Charlie Steiner 21 Feb 2024 4:30 UTC
3 points
0
This was a cool, ambitious idea. I’m still confused about your brain score results. Why did the “none” fine-tuned models have good results? Were none of your moddels succesful at learning the brain data?
- Austin Meek 7 Mar 2024 20:47 UTC
  2 points
  0
  Parent
  Hi Charlie, thanks for your comment and apologies for the late reply. To echo what Artyom said, we didn’t observe a significant difference between the models we fine-tuned vs. the base models with regard to the brain-score. Our models did not end up becoming more correlated with the neuroimaging data of subjects taking these moral reasoning tests. In the future it would be neat if this works and we can start utilizing more neuroimaging data for alignment, but this initial stab didn’t make those concrete connections.
  To go into a bit more detail on the brain-score metric, we use the Pearson’s correlation coefficient (PCC) to measure the correlation there. For some moral scenario given to the subject, we can take the neuroimaging data at different times (it’s measured every 2 seconds here, and we experiment with different sampling strategies), after taking the hemodynamic delay into account. This data is then fit to 1,024 dimensions, with the value being the BOLD response at that point. We do this over a small portion of similar examples, then fit a regression model to predict the 1,024-dimensional BOLD response vector for some scenario held out from that set. Finally, we take the PCC between the predicted response and the activations at some layer. This gives us our metric of brain score. So we can see this on a layer-by-layer basis and also aggregate it to get a brain-score for an entire model, which we report.
  Hope that helps! Let me know if there’s anything more I can help clarify.

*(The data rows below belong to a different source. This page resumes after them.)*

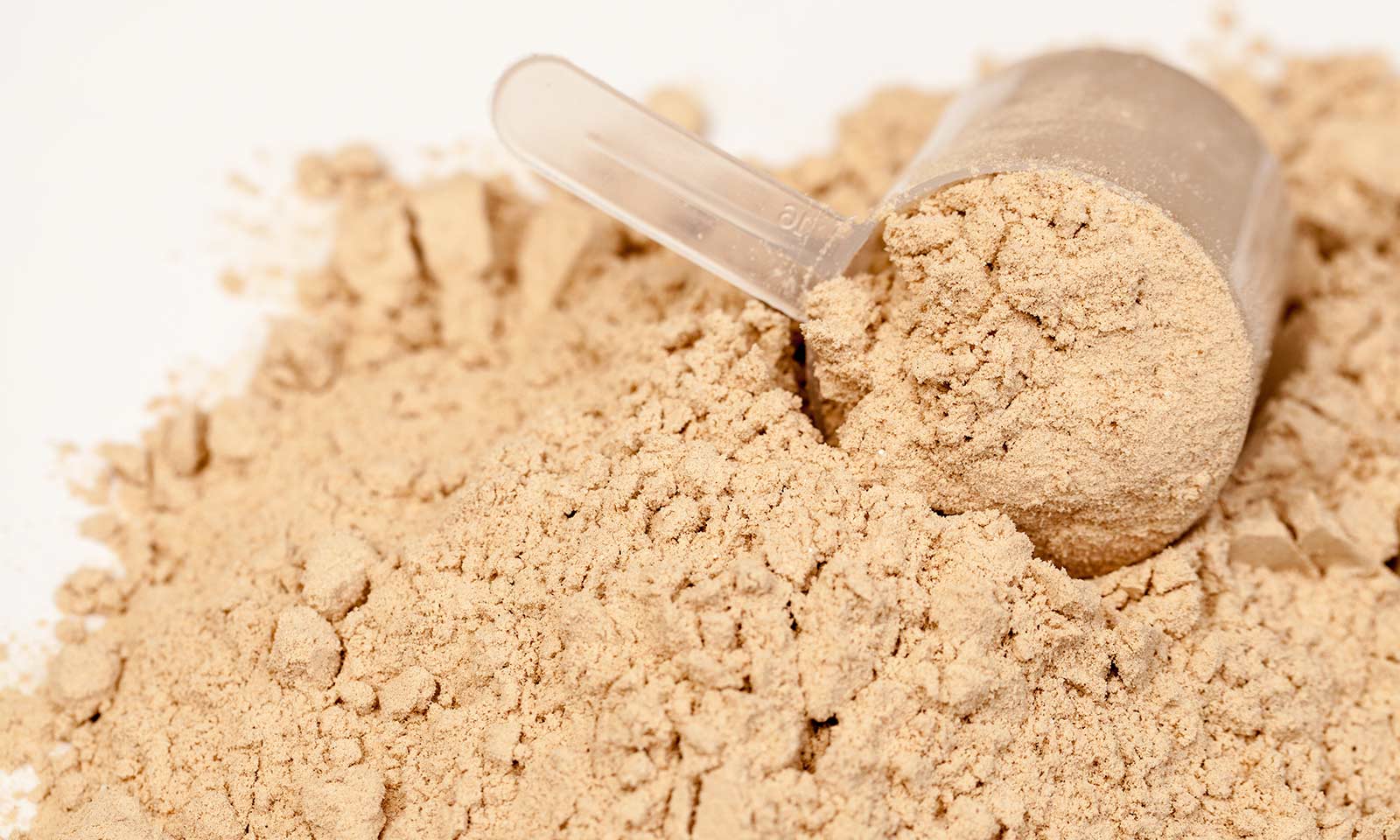 6 Things To Look For When Selecting A Protein Supplement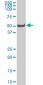 LW-1 Antibody (monoclonal) (M02)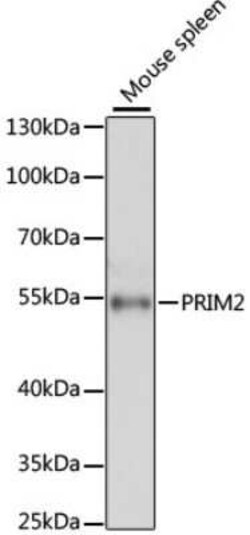 DNA Primase large subunit Antibody - Azide and BSA Free, Novus Biologicals:Antibodies:Primary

- Artyom Karpov 4 Mar 2024 11:59 UTC
  2 points
  0
  Parent
  Thanks for your comment. This was hard work for us for weeks/months. Unfortunately, we didn’t include the part about how we calculated brain score in this text yet, though you might find this in our code, which should match the way others calculate this (see our references). The models with ‘none’ fine-tuning have somewhat higher brain score but this is within the error range with other models which is partially due we didn’t run many calculations for that to reduce std for ‘none’. Also, our target was mainly the accuracy on the ETHICS dataset.